Instructions to follow —
Using the listing below, print the line containing "<p>Gebhard Hellwig<br />*", the line containing "预订 Festival of", and each line between them, exactly and nothing else. Pictures stay out of the print.

Source data START

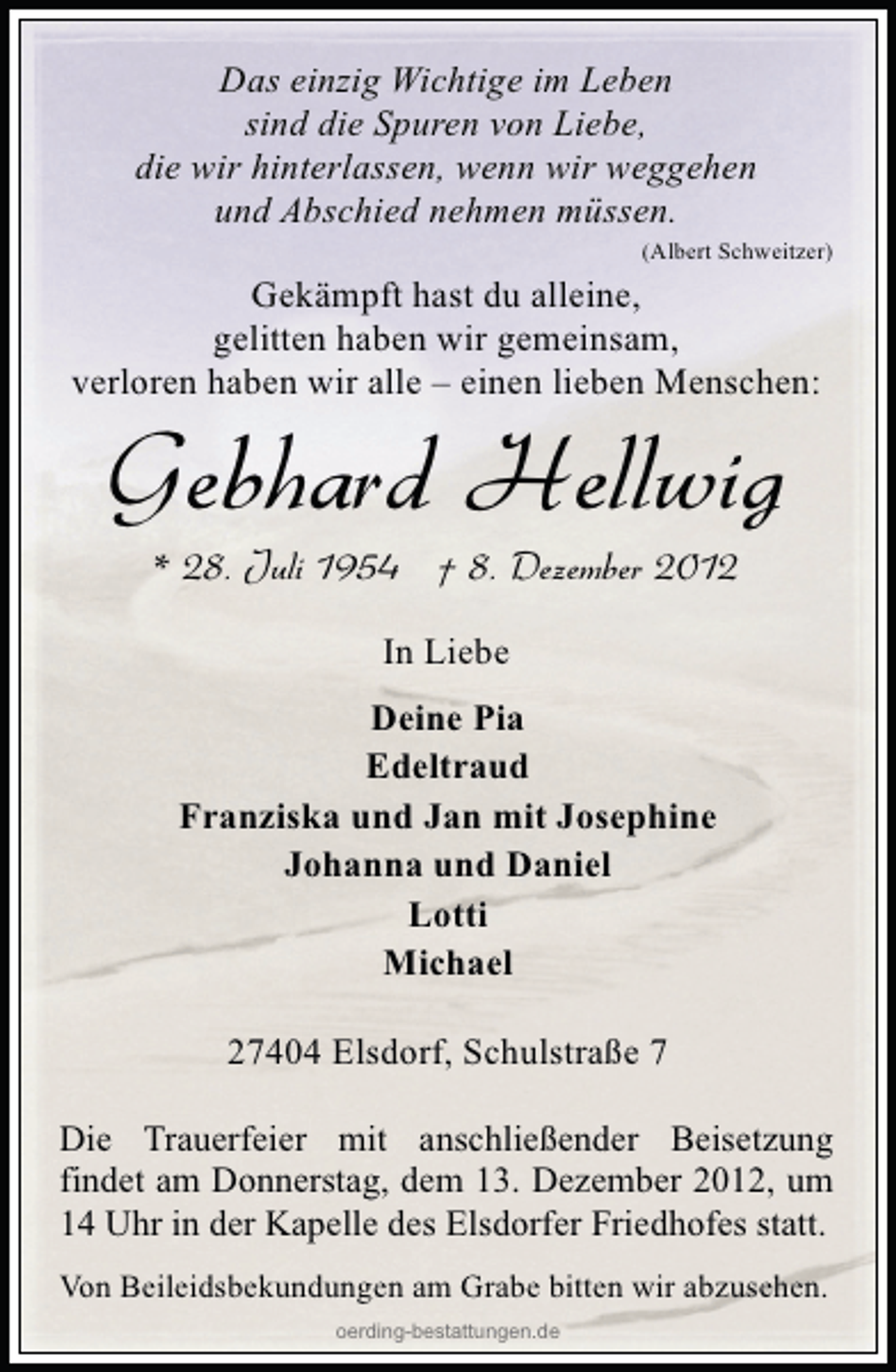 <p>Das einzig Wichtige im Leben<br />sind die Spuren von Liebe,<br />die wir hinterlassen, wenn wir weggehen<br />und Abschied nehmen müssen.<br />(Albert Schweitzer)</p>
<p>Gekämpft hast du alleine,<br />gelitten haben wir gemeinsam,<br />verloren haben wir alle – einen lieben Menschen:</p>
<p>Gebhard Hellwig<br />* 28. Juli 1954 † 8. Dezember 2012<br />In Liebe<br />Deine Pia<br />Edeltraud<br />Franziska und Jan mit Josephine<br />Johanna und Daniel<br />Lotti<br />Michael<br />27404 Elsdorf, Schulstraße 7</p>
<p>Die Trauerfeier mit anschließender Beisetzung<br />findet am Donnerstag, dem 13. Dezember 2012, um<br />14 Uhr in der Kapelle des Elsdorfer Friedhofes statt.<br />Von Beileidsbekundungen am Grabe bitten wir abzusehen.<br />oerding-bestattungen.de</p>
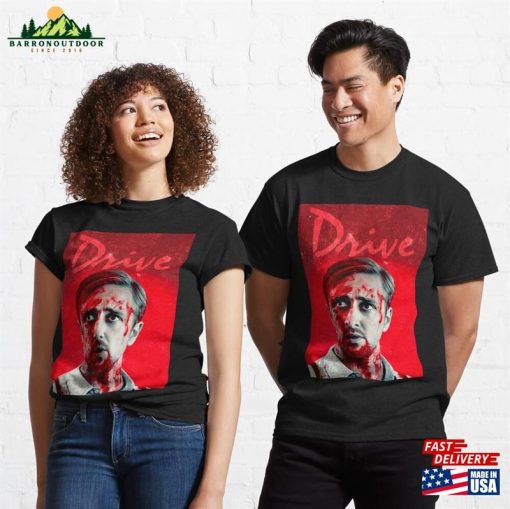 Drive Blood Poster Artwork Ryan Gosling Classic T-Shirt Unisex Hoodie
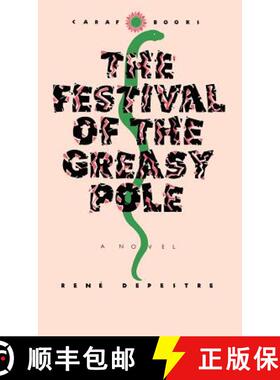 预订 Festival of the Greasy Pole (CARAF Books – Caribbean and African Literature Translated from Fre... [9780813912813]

Source data END
Source data START

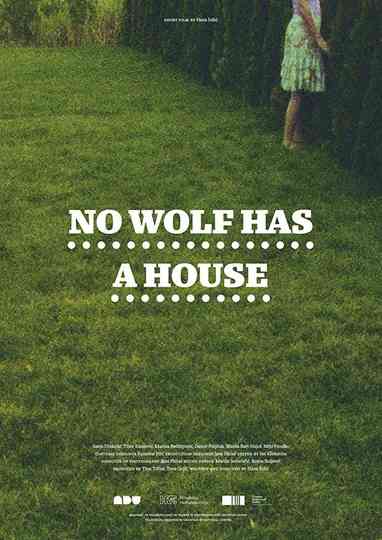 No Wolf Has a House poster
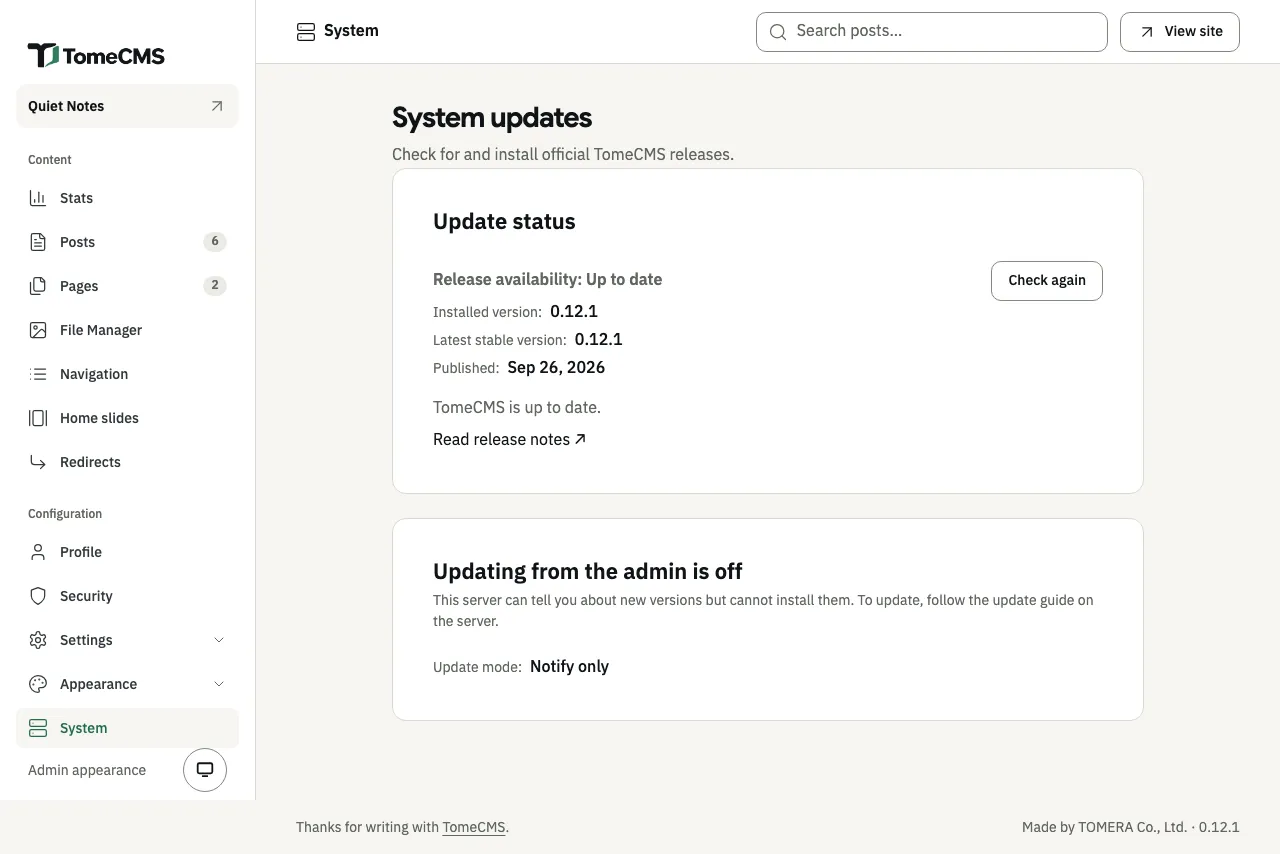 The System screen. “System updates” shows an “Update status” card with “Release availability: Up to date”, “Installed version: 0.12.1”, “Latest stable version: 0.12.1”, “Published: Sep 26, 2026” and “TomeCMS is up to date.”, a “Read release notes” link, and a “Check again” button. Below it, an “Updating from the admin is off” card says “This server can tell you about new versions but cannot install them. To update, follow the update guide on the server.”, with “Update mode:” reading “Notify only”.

Source data END

Solution —
<p>Gebhard Hellwig<br />* 28. Juli 1954 † 8. Dezember 2012<br />In Liebe<br />Deine Pia<br />Edeltraud<br />Franziska und Jan mit Josephine<br />Johanna und Daniel<br />Lotti<br />Michael<br />27404 Elsdorf, Schulstraße 7</p>
<p>Die Trauerfeier mit anschließender Beisetzung<br />findet am Donnerstag, dem 13. Dezember 2012, um<br />14 Uhr in der Kapelle des Elsdorfer Friedhofes statt.<br />Von Beileidsbekundungen am Grabe bitten wir abzusehen.<br />oerding-bestattungen.de</p>
 Drive Blood Poster Artwork Ryan Gosling Classic T-Shirt Unisex Hoodie
 预订 Festival of the Greasy Pole (CARAF Books – Caribbean and African Literature Translated from Fre... [9780813912813]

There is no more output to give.